• _Your objective_
Starting with the line that contains "FANZA/あちゃ/まぁ♪.", copy each line exactly through the end of the listing, and omit all pictures.

Source records section start

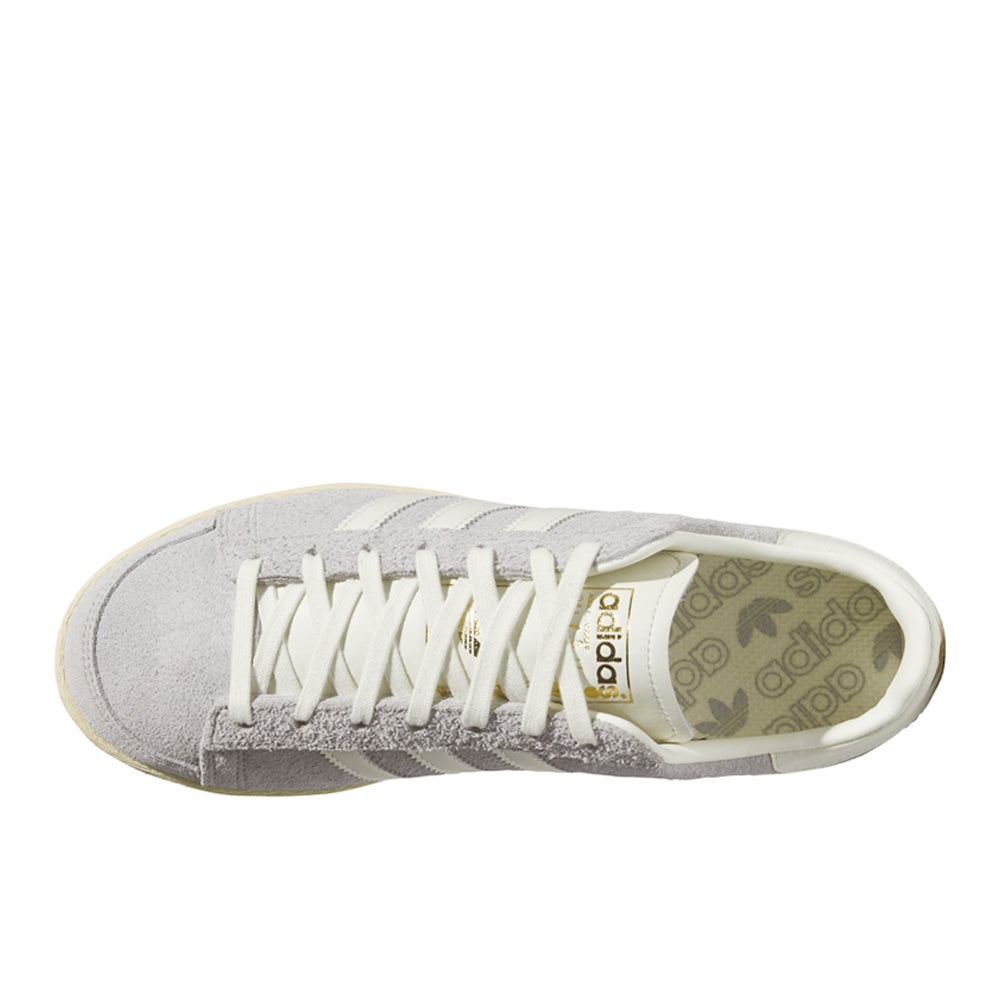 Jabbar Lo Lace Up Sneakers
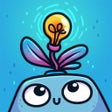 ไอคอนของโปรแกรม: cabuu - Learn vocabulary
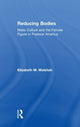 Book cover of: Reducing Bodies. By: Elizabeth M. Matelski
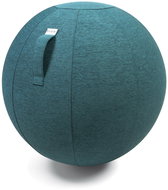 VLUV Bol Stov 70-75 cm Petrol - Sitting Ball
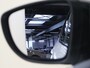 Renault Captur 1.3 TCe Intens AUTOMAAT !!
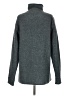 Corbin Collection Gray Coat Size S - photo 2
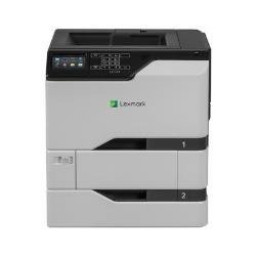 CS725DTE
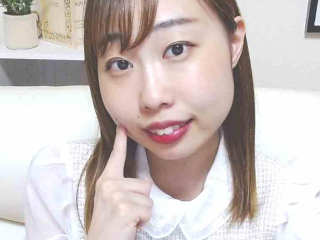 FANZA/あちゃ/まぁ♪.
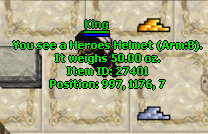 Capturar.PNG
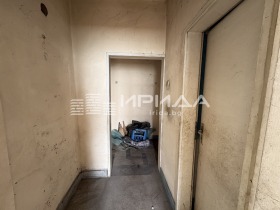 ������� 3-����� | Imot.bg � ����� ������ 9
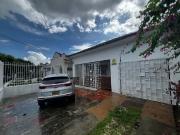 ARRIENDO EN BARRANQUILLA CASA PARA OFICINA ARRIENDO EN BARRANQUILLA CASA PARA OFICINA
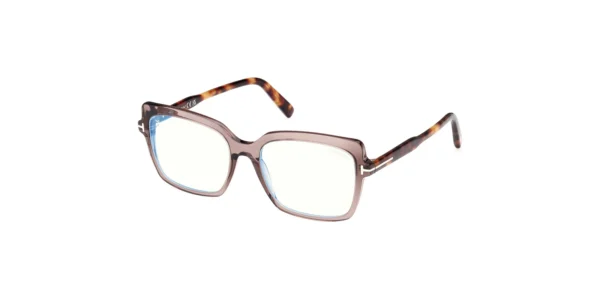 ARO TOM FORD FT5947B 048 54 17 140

Source records section end

• _The answer_
 FANZA/あちゃ/まぁ♪.
 Capturar.PNG
 ������� 3-����� | Imot.bg � ����� ������ 9
 ARRIENDO EN BARRANQUILLA CASA PARA OFICINA ARRIENDO EN BARRANQUILLA CASA PARA OFICINA
 ARO TOM FORD FT5947B 048 54 17 140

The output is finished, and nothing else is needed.